### AIM OF THE EXERCISE
Copy the data that follows exactly. Include no pictures.

### DATA BLOCK
- - - - -

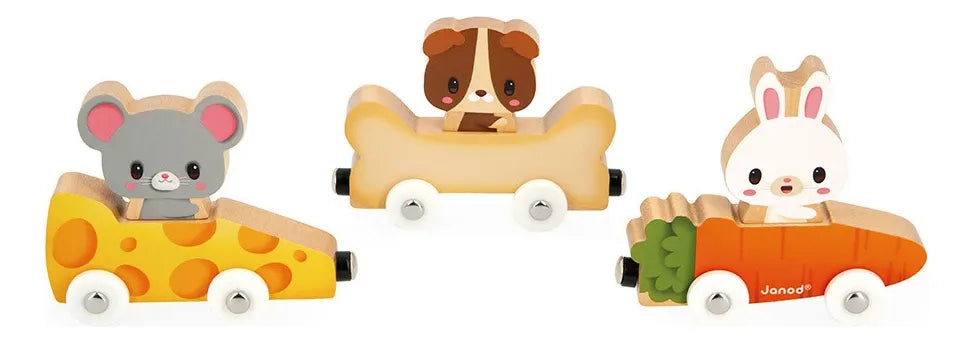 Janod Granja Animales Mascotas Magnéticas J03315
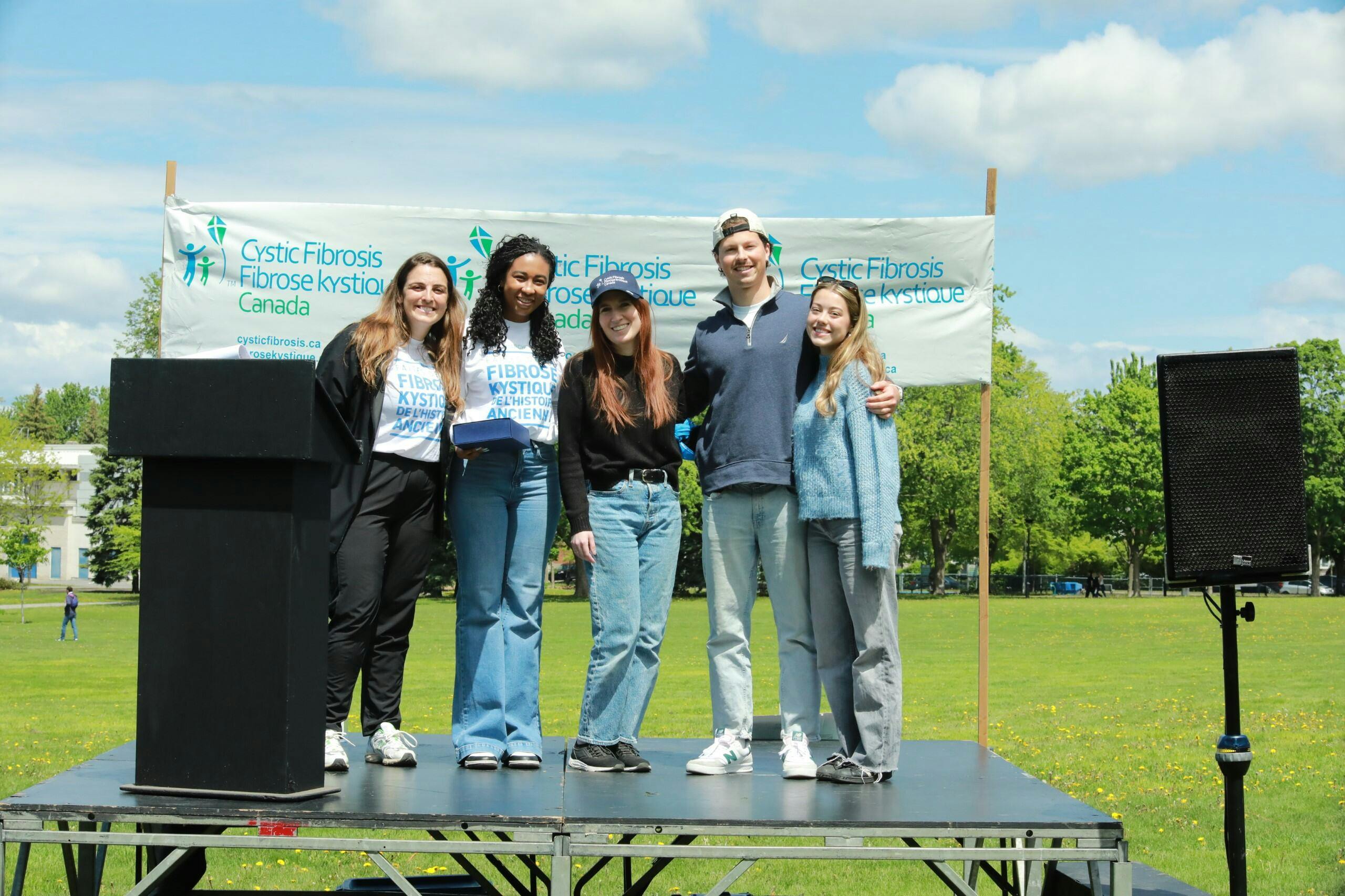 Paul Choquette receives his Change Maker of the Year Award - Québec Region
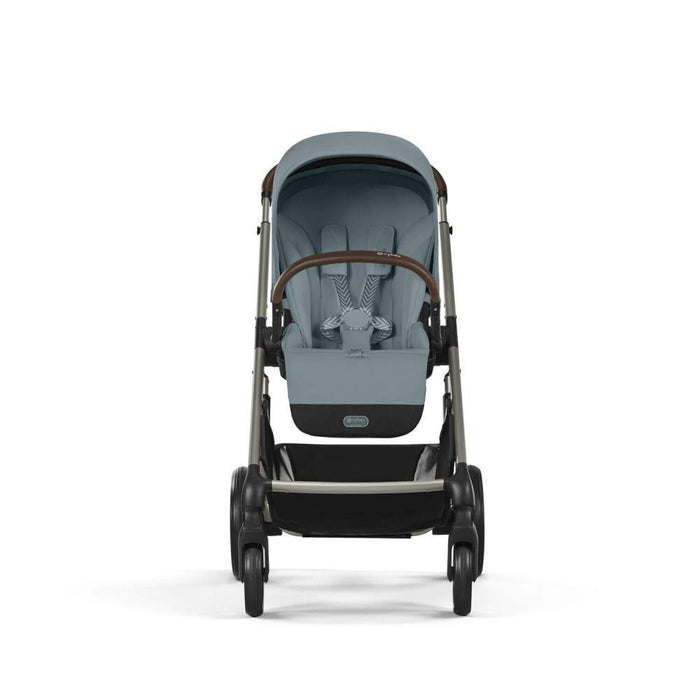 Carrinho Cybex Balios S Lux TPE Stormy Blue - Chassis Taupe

- - - - -

### ANSWER SECTION
 Janod Granja Animales Mascotas Magnéticas J03315
 Paul Choquette receives his Change Maker of the Year Award - Québec Region
 Carrinho Cybex Balios S Lux TPE Stormy Blue - Chassis Taupe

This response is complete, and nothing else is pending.